While recently writing an annual report for a client, we analyzed a year of customer comments to identify “above and beyond” behaviors that customers highlighted in their feedback. The top three behaviors were as follows:
1) Being friendly and welcoming and smiling
2) Having a positive attitude and willingness to help; and
3) Proactively assisting customers
From a business perspective these behaviors might seem trivial, but from a human perspective we all know how rare it is to see a company representative exhibiting these types of behavior. These simple behaviors take an average interaction and turn it into something delightful.
The idea of “behavioral innovation” says that too often innovation efforts focus on product, technology, or processes. But true innovation happens when you change what people do. Umair Haque says companies like Apple have shown behavior innovation by being fundamentally different. Who Apple is is just as important as what Apple creates. I remember my own experience buying an iPhone and how happily the salesperson pulled out his own phone to show me features and his favorite apps. His enthusiasm was contagious. Within minutes, a customer joined us to demonstrate to me how Facetime works. The customer shared how much he loves using the feature to chat with his niece a few states away. It was like the iPhone commercials in real life. Competitors can’t steal or copy a culture like that. This is a uniquely Apple experience that is difficult – if not impossible – for competitors to copy.

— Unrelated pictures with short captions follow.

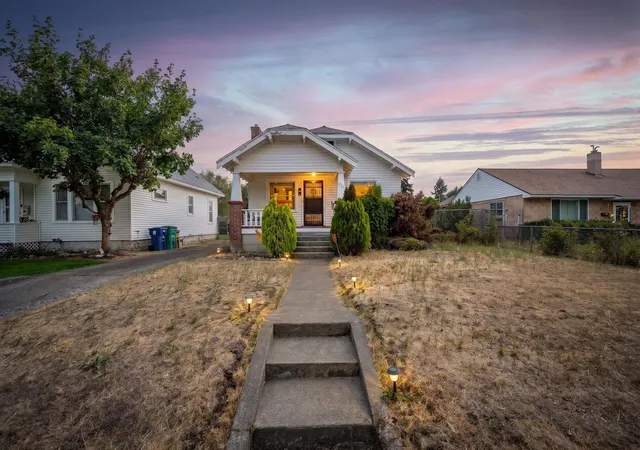 1st image of 1717 N Cleveland Ave, Spokane, WA 99205 | MLS# 202621733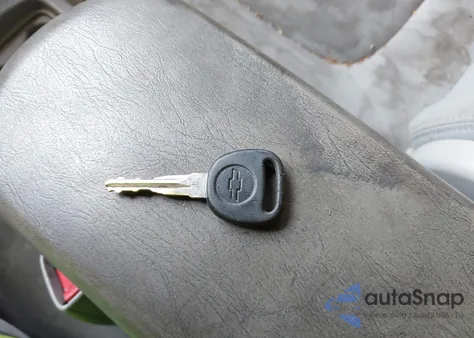 2005 Chevrolet Malibu Maxx Ls from USA, damaged, VIN 1G1ZT64845F206307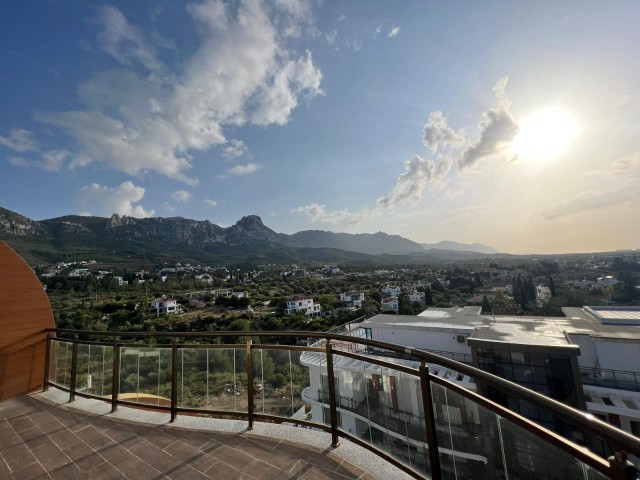 2+1 Penthouse For Rent In The Center Of Kyrenia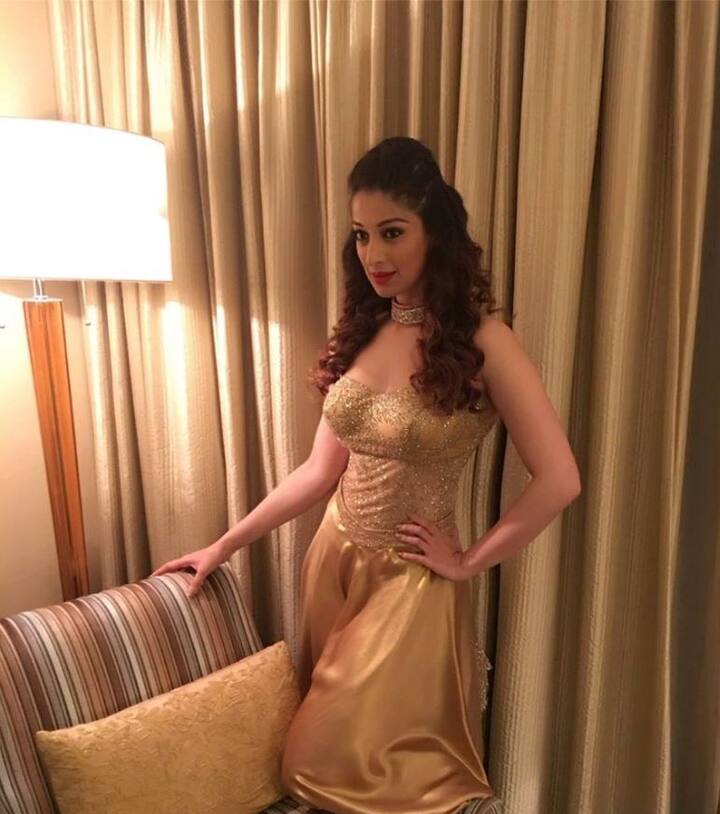 इस विवाद को लेकर लक्ष्मी ने कहा कि ये बेहद चौंकाने वाला है कि लोग बिना वजह मेरे बीते हुए कल पर ध्यान लगा रहे हैं. लक्ष्मी राई ने कहा कि 'हमारे जीवन के इस अध्याय को खत्म हुए 8 साल बीच चुके हैं, धोनी और मैं, हम दोनों इससे बहुत आगे निकल चुके हैं लेकिन पता नहीं क्यों कुछ लोग अब भी वहीं अटके हैं.'
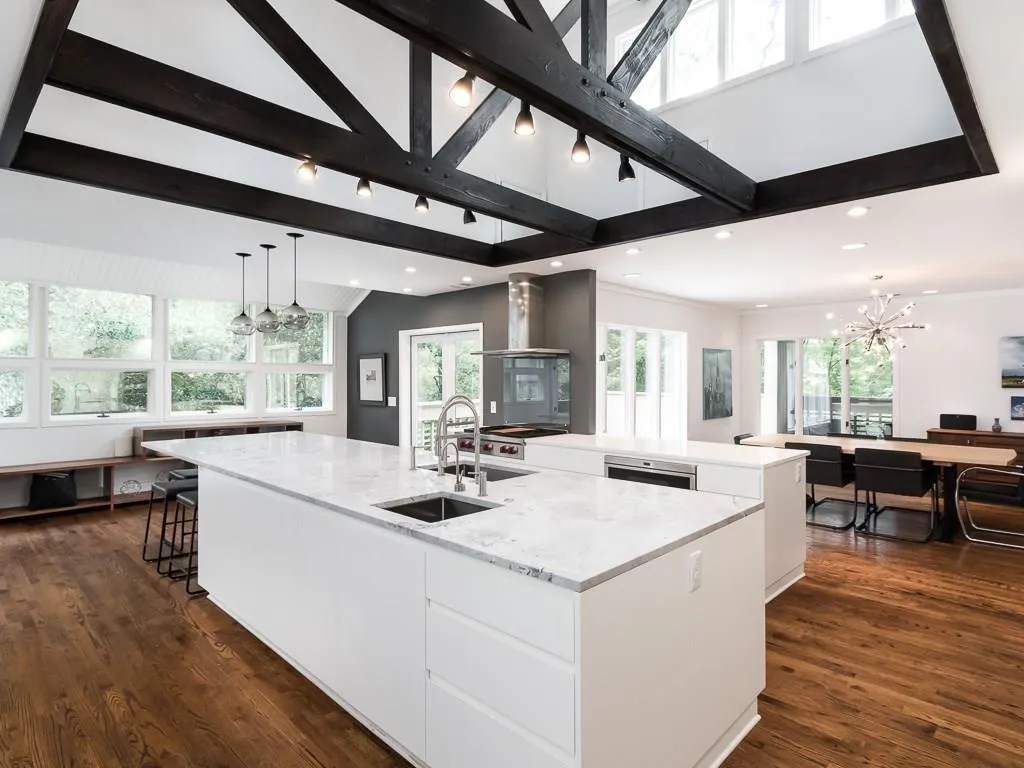6995 Riverside Drive, Atlanta, Georgia 30328, 5 Bedrooms Bedrooms, ,3 BathroomsBathrooms,Residential,Sold,6995 Riverside Drive,5961807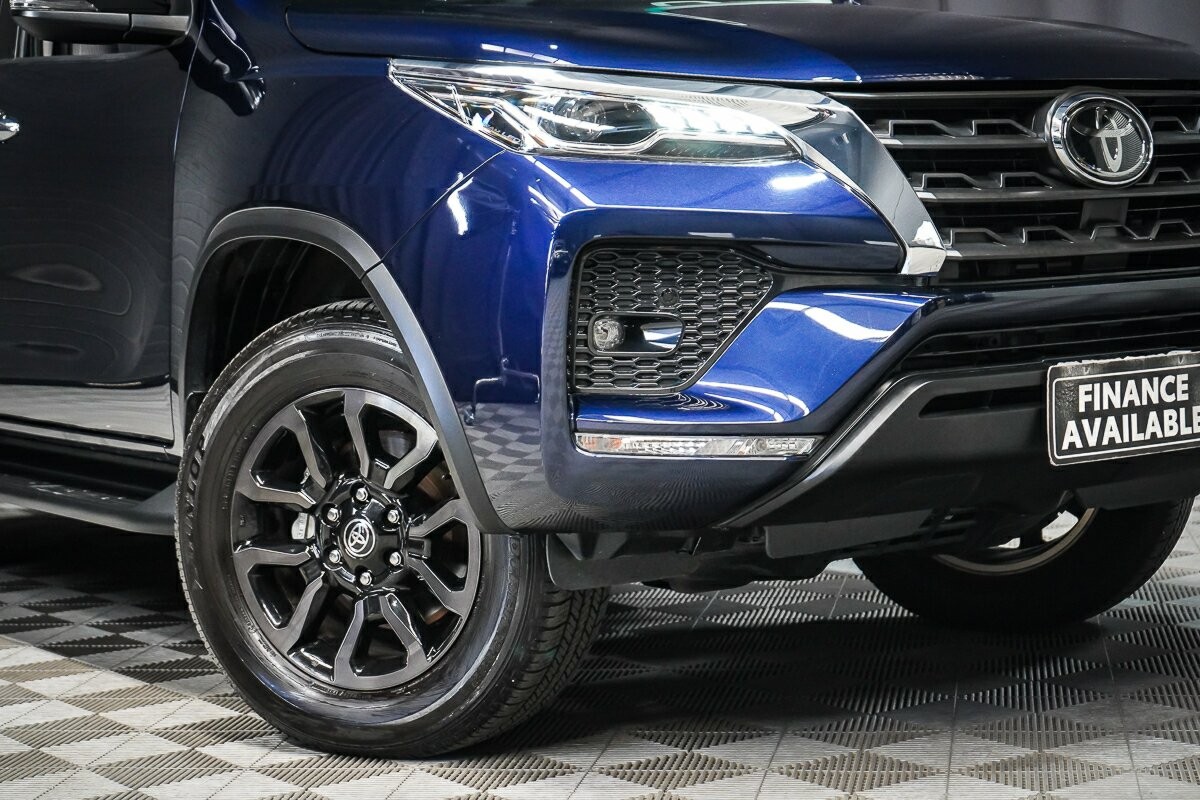 Toyota Fortuner image 2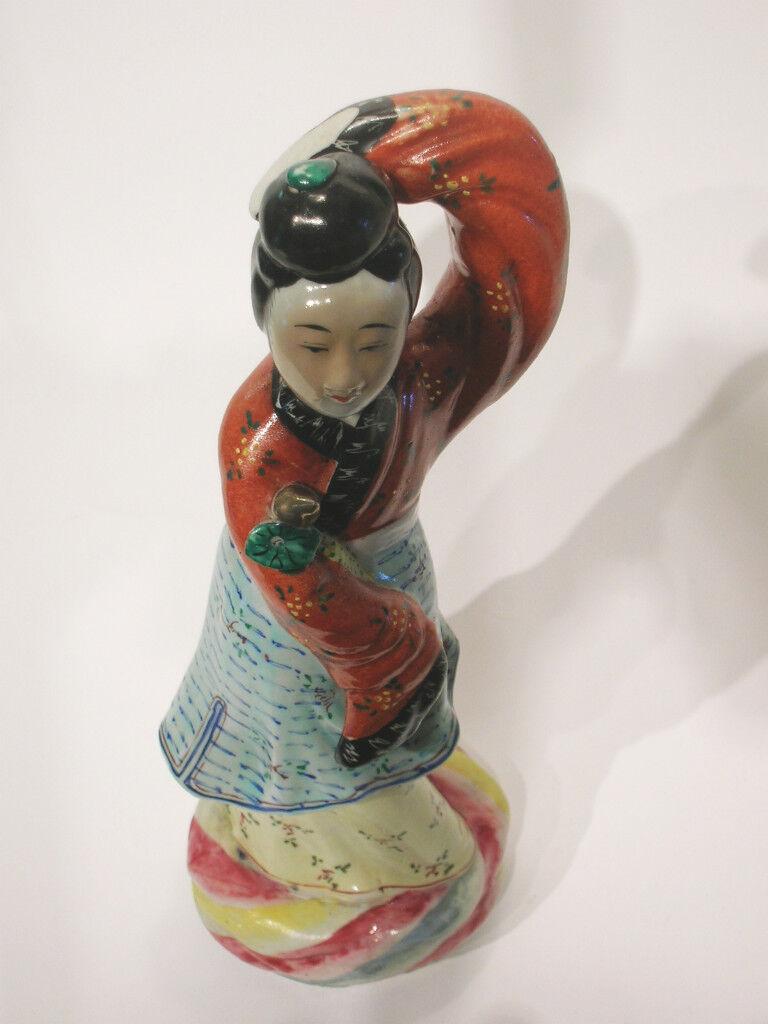 Vieille dame de cour dansante en porcelaine Famille Rose - Chine - vers 1930 en vente 1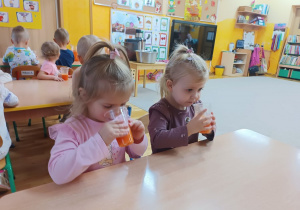 Dziewczynki piją sok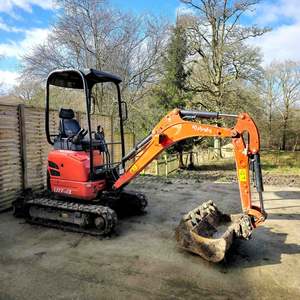 Durable Kubota U17-3A 1.6 tonnes mini pelle 4WD tracteur sur chenilles moteur noyau pompe hydraulique pièces pour la vente en gros - Product Image 6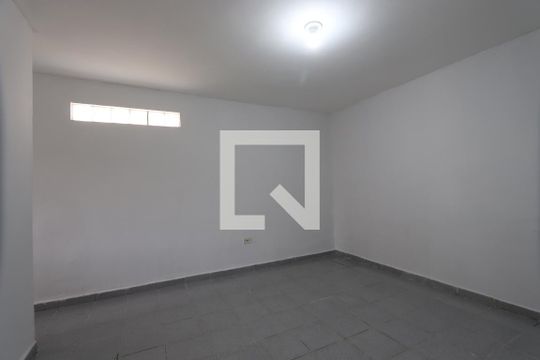 Casa para alugar com 1 quarto, 56m² em Jardim Iva, São Paulo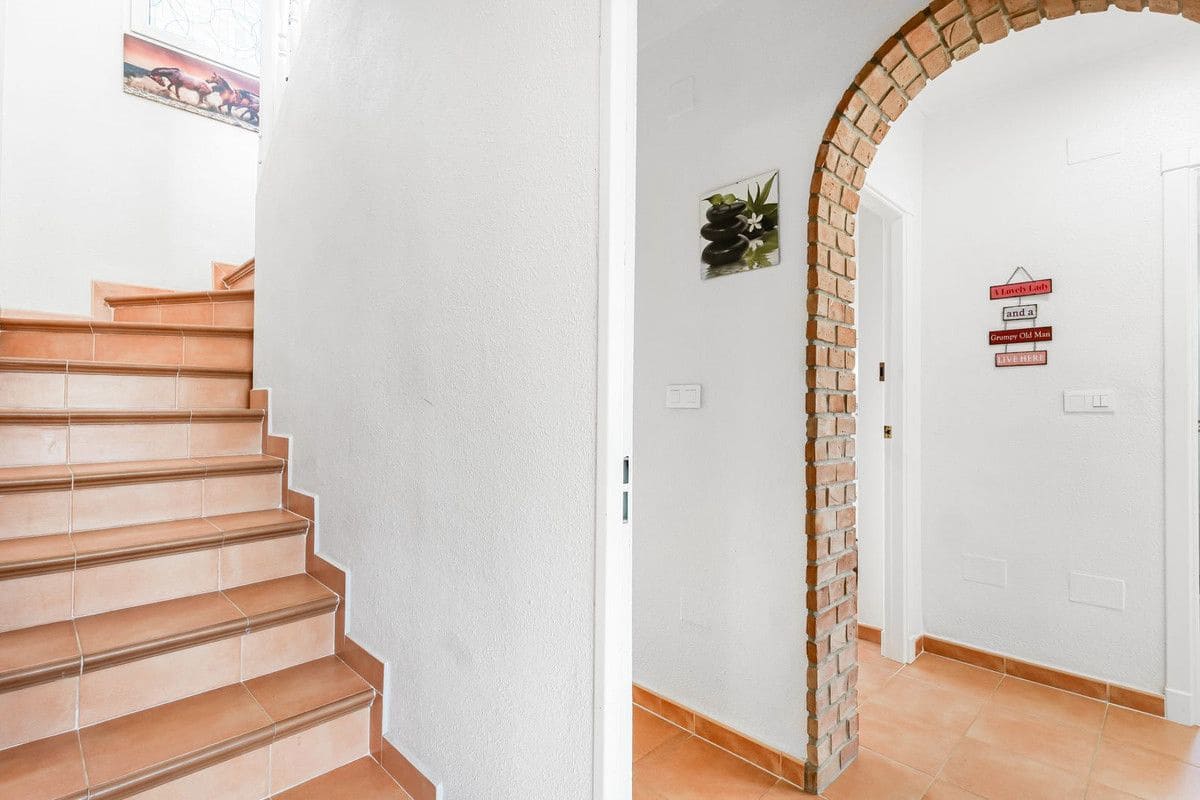 8 bedroom Villa for sale in San Miguel de Salinas with pool - € 895,000 (Ref: 10027486)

The Corporate Executive Board argues that customer delight is a profit wasting initiative, saying that companies should focus on getting the basics right and reducing customer effort. Their argument isn’t wrong. No customer will do business with you if you make it difficult. Further, a company must get the basics right to get and retain customers. But the evidence suggests that the things that truly delight customers are often intangible.
Our research offers evidence that a company focus on creating great customer experiences can also improve the employee experience. Understanding what “delight” means to the customers who buy from you is an opportunity to build your own unique internal culture, a chance to create an experience that differentiates your brand – for both the people who purchase from you and those who work for you.